### Work instructions
Copy exactly. Include the line containing "Kia Sorento 4th", every line after it, and the last line below, but no pictures.

### Image-caption web data
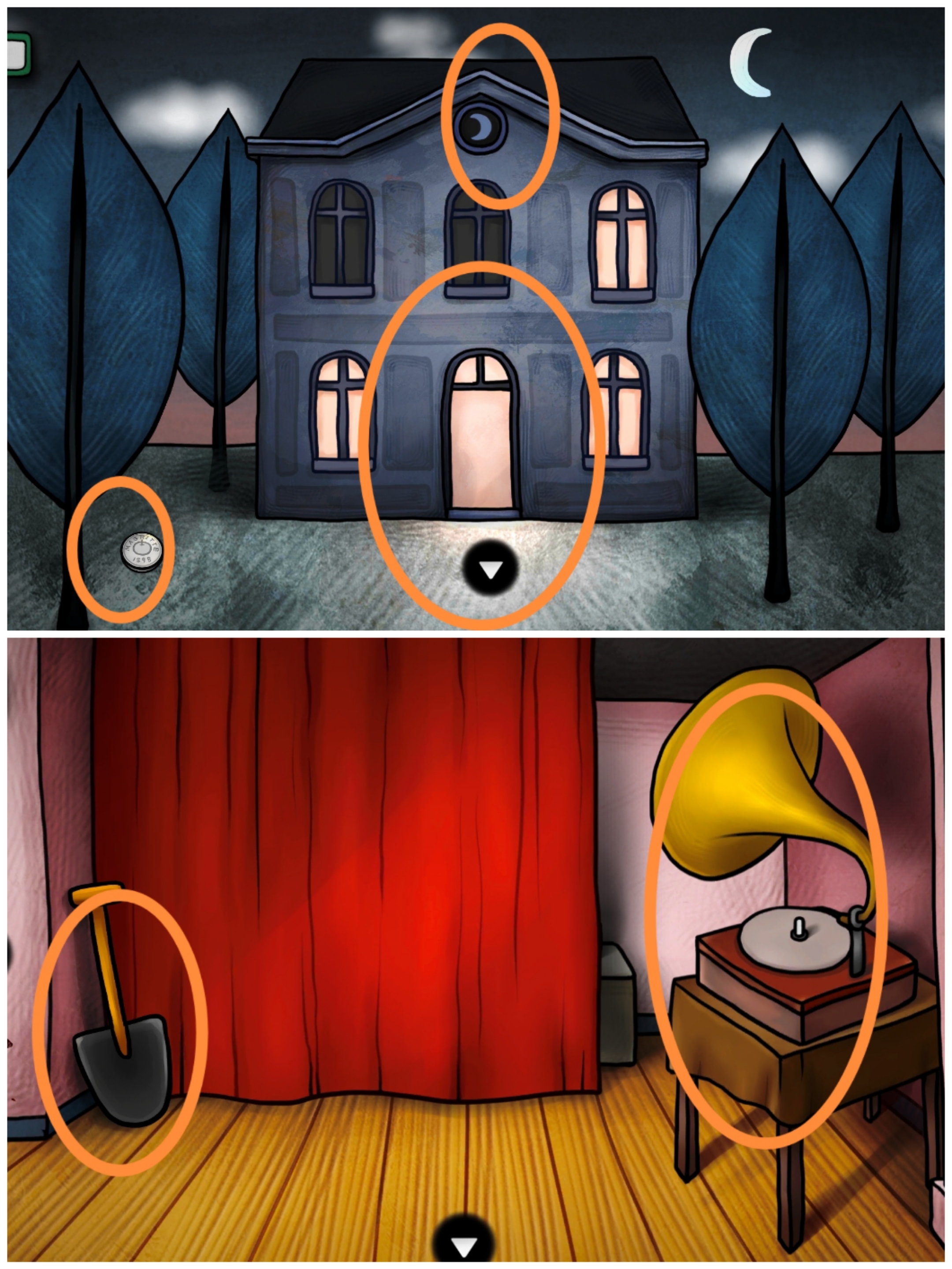 巨匠眼马格里特篇图文攻略大全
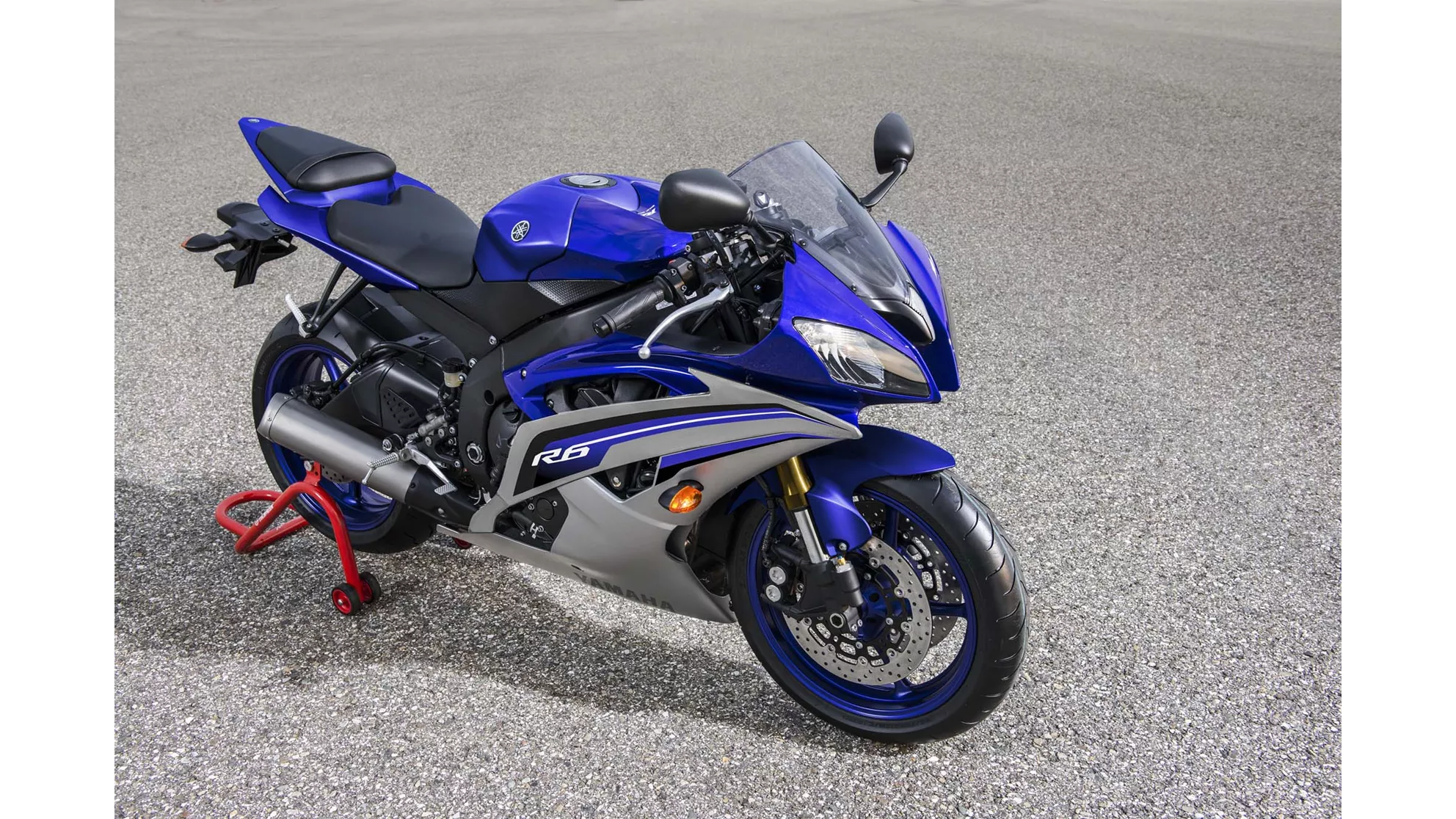 Yamaha YZF-R6 - Image 14 Yamaha YZF-R6 - Image 14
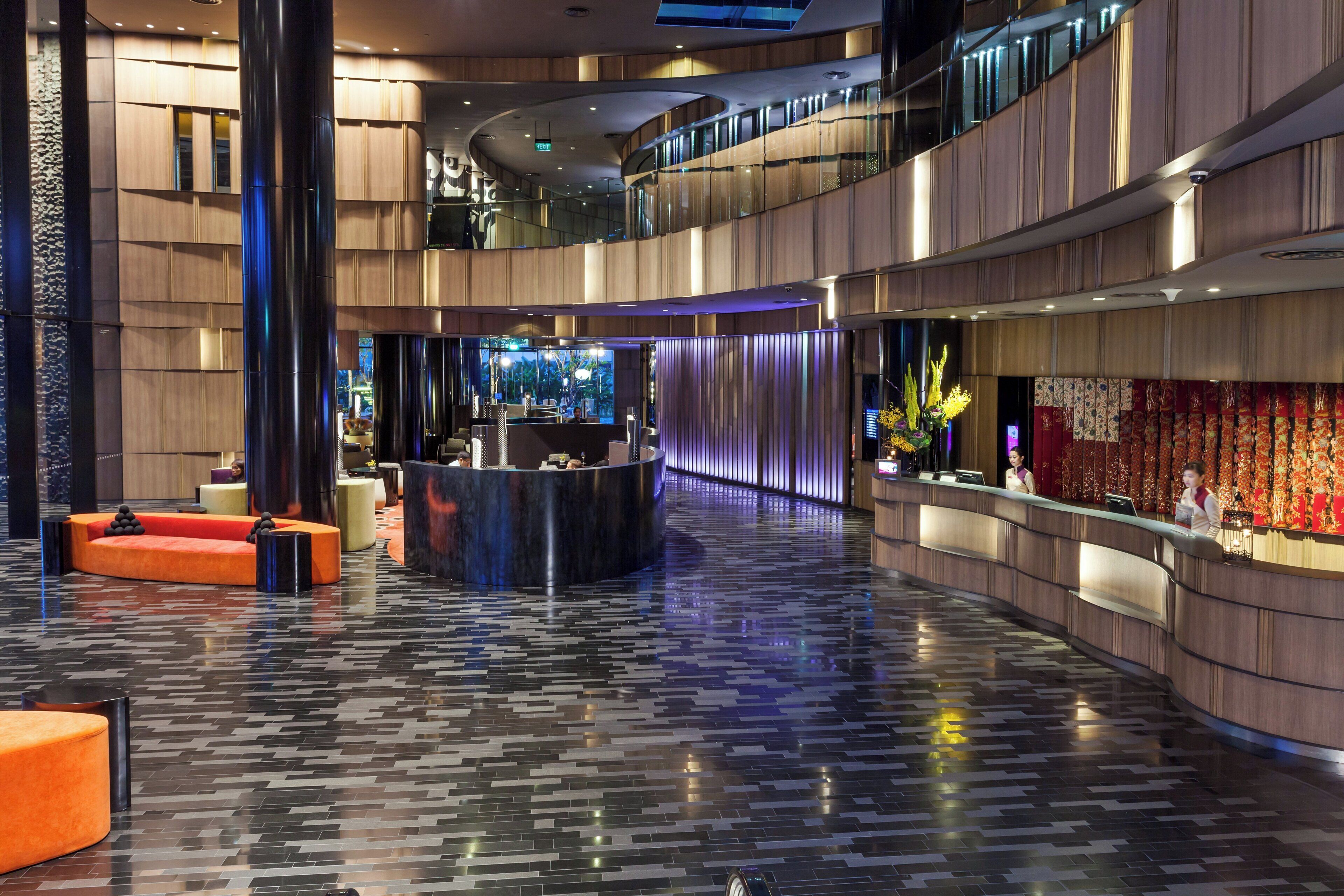 Foto - Crowne Plaza Changi Airport by IHG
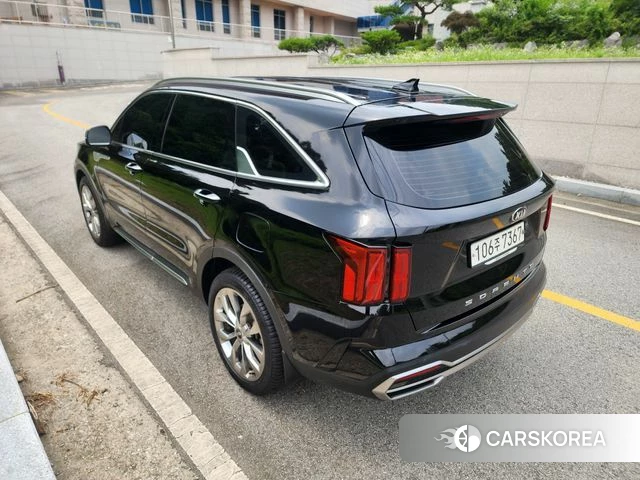 Kia Sorento 4th Generation id 4600051 из Кореи 15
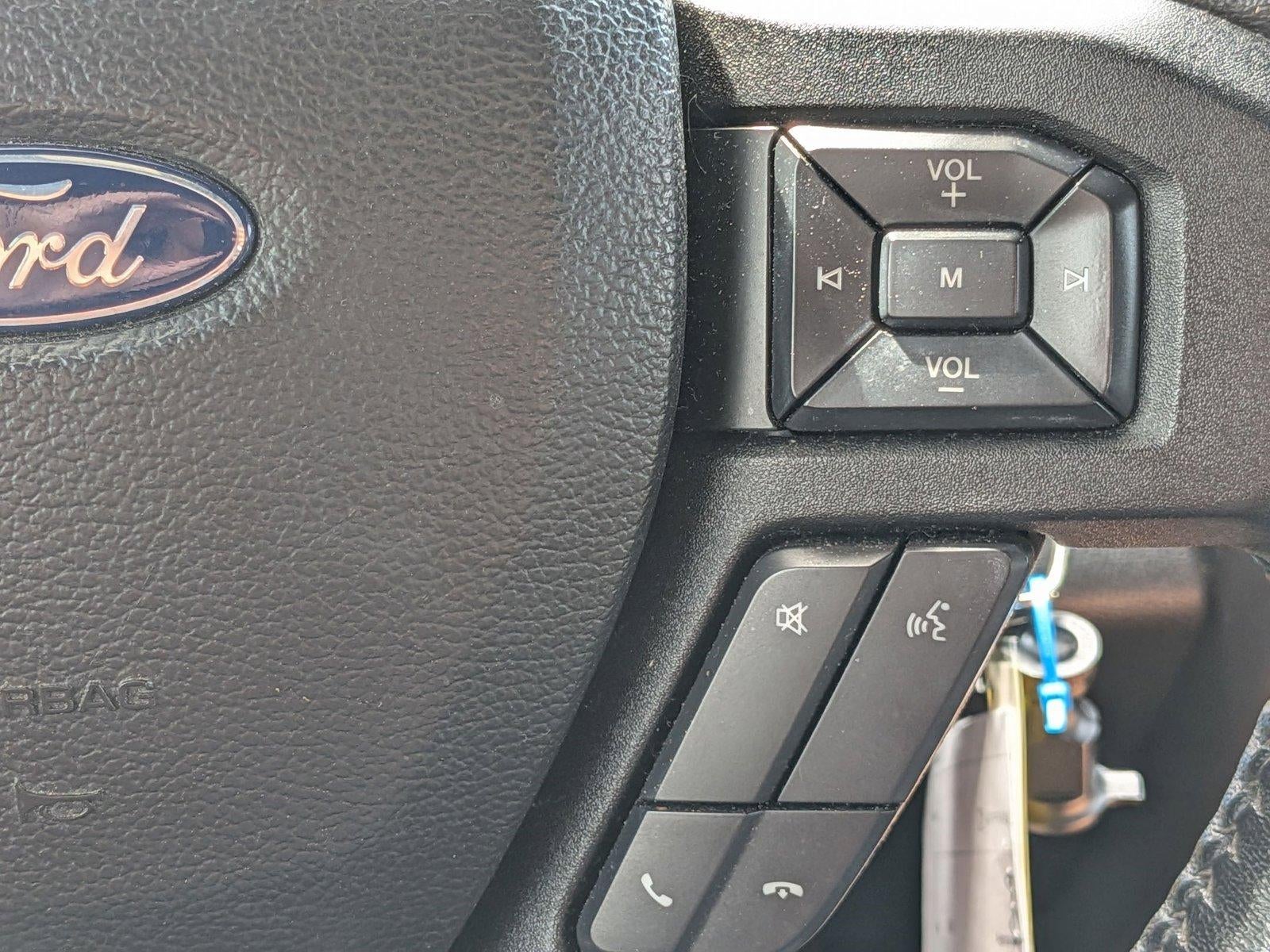 2018 Ford F-150 XLT 4WD SuperCrew 5.5' Box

### Solution to this problem
 Kia Sorento 4th Generation id 4600051 из Кореи 15
 2018 Ford F-150 XLT 4WD SuperCrew 5.5' Box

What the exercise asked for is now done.